Uneheliche Kinder mit dem Küchenpersonal
Ein entscheidendes Jahrhundert für Werneck hatte 1802 mit dem Ende des Fürstbistums Würzburg begonnen. Der letzte Fürstbischof Georg Karl von Fechenbach entließ im November von seinem Sommerschloss Werneck aus seine Untertanen. Sein ehemaliges Herrschaftsgebiet erlebte diverse Machtwechsel: Infolge der Napoleonischen Kriege wurde es erst bayerisch, dann von 1806 bis 1814 dem Bruder des österreichischen Kaisers, Ferdinand, zugesprochen, dann wieder bayerisch. Ferdinand trug den Titel Großherzog von Toskana und weilte während seiner Würzburger Regentschaft hauptsächlich in Werneck.
Zurückgezogen soll der Witwer mit seinen Kindern im Schloss gelebt haben. Allerdings gab es das Gerücht, dass Ferdinand beim Küchenpersonal einige uneheliche Kinder hinterlassen haben soll. Weshalb vielleicht heute noch bei den Urururenkeln in Werneck toskanisches Blut durch die Adern fließen könnte.
Weil mit der Regentschaft des frisch gekürten bayerischen Königs das Wernecker Schloss und sein Vorhof weit weg von München waren, verloren sie zusehends die Aufmerksamkeit der Prominenz. Zwar streiften ab und an gekrönte Häupter vor allem wegen der Poststation auf der Chaussee, der heutigen B 19, die Gegend, etwa 1812 die französische Kaiserin Marie Louise oder 1815 Johann Wolfgang von Goethe. Aber viel los war hier nicht mehr.

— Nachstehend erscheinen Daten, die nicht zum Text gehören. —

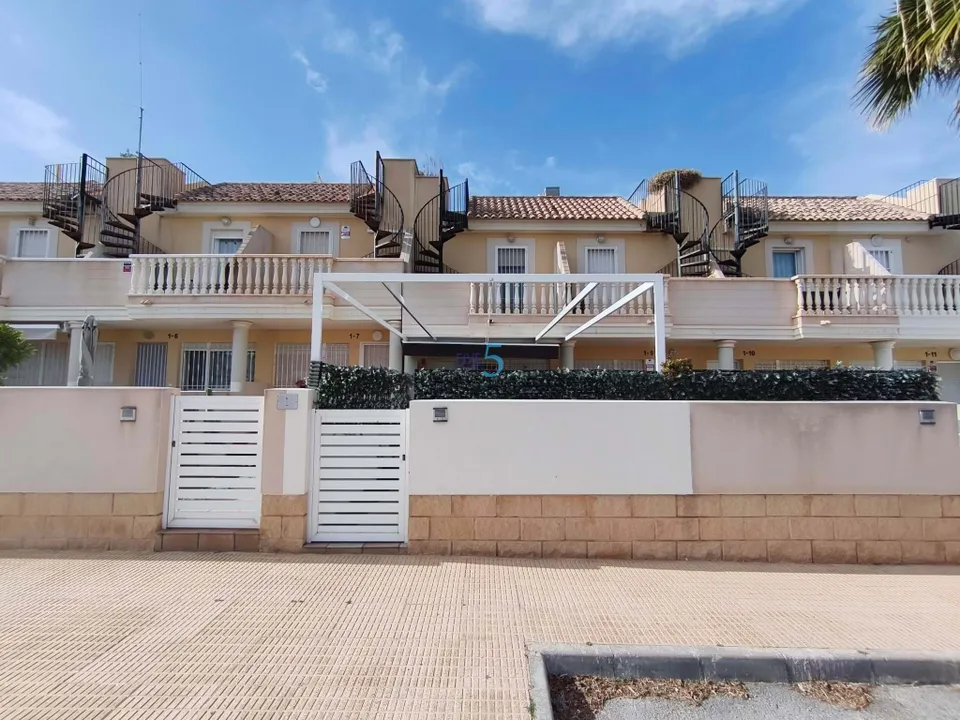 Lejlighed i Cabo Roig, Alicante - foto 1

Hinzu kam, dass mit dem Wiener Kongress 1815 die Fürsten ihre alte Macht zurück erhielten und die Menschen sich enttäuscht vom Misslingen ihrer Revolution ins Privatleben zurückzogen: Die Zeit des Biedermeier begann.
1854 erfolgte der Bau der Eisenbahnstrecke
Das bayerische Königreich hatte zwar seine Verwaltungsstrukturen aufgebaut, hatte in Werneck ein Landgericht, ein Gefängnis und ein Rentamt – Finanzamt – errichtet. Aber im leerstehenden Schloss fiel beim Deckenfresko im Hauptsaal der Putz herunter, wusste Göbel.

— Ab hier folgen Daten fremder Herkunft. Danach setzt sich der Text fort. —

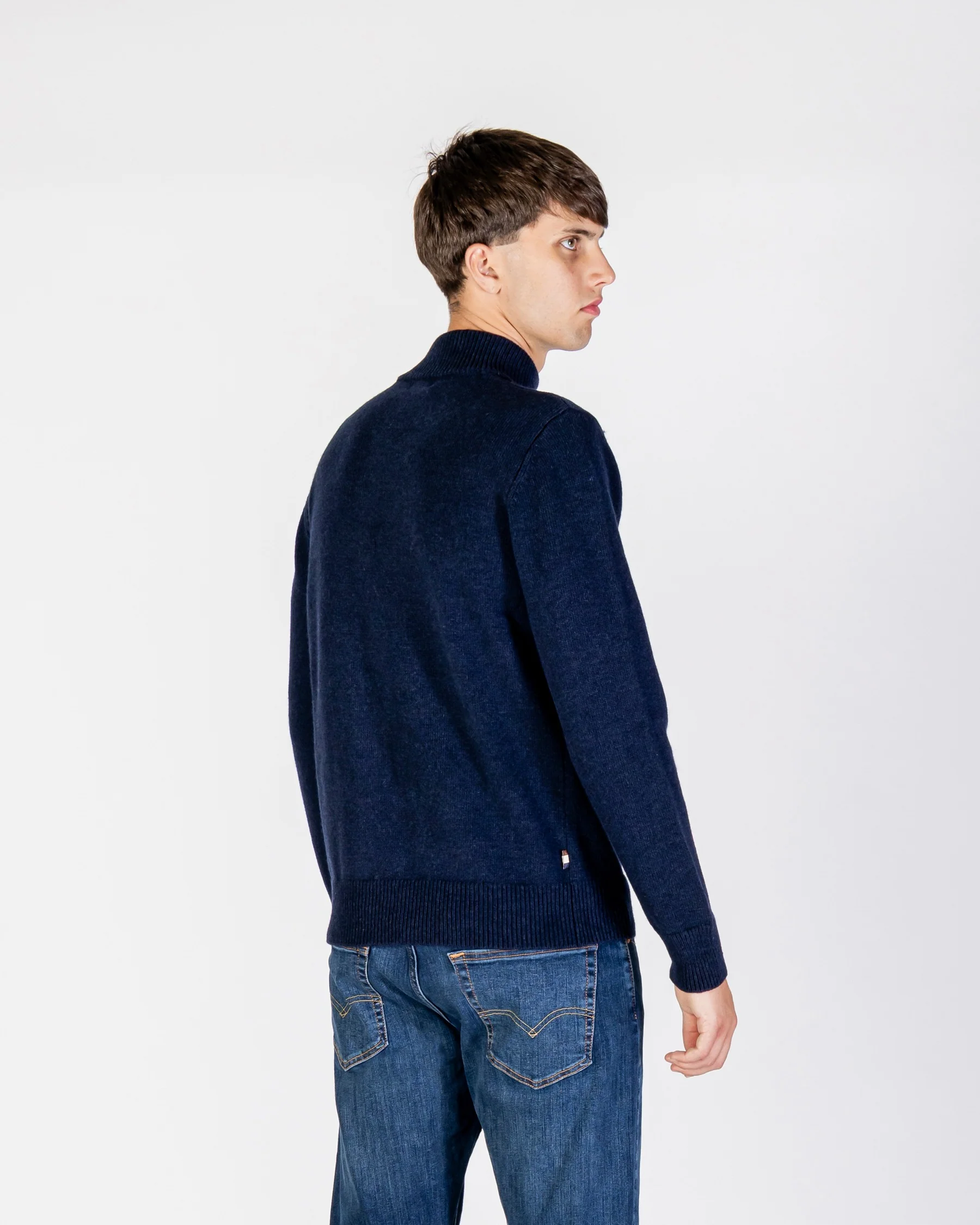 LAMBSWOOL 1/4 ZIPPED  KNIT - Image 3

In dieser Zeit gründete der damalige Landrichter sogar eine "Anstalt zur Beförderung der Sittlichkeit". Auch Sparsamkeit und Fleiß zählten zu den Tugenden, was die 1839 gegründete "Districts-Sparkasse" Werneck belohnte.
Aus dem Dornröschenschlaf, so der Hobby-Historiker, erwachte Werneck mit dem Bau der Eisenbahnstrecke Würzburg-Schweinfurt 1854. Dass der Bahnhof in Waigolshausen errichtet wurde, hatte nichts mit einem angeblichen Widerstand des Posthalters im Gasthof Krone in Werneck zu tun, widersprach Göbel einem Gerücht. Vielmehr waren die beiden Steigungen zwischen Eßleben und Werneck der Grund gewesen, weshalb eine Streckenführung über Waigolshausen leichter war. "Krone"-Besitzer Nikolaus Bötsch richtete einen Kutschen-Pendelverkehr zum Bahnhof ein, was dem Ort zugute kam.
Katholische Kirche wurde mit einem Teil des Fruchtspeichers erbaut
Die Bahnlinie wurde zur Initialzündung, der Ort wuchs an Gebäuden und Einwohnern. Ein Jahr später, 1855, wurde vom "Kreis Unterfranken" die "Kreisirrenanstalt" im Schloss eröffnet, geleitet von Bernhard Gudden, der 1886 mit König Ludwig II. im Starnberger See unterging. Beim Umbau des Schlosses wurde allerdings das barocke Treppenhaus herausgerissen, aber auch das Oegg-Tor – ursprünglich für die Würzburger Residenz erstellt – auf dem Fruchtspeicher wiederentdeckt.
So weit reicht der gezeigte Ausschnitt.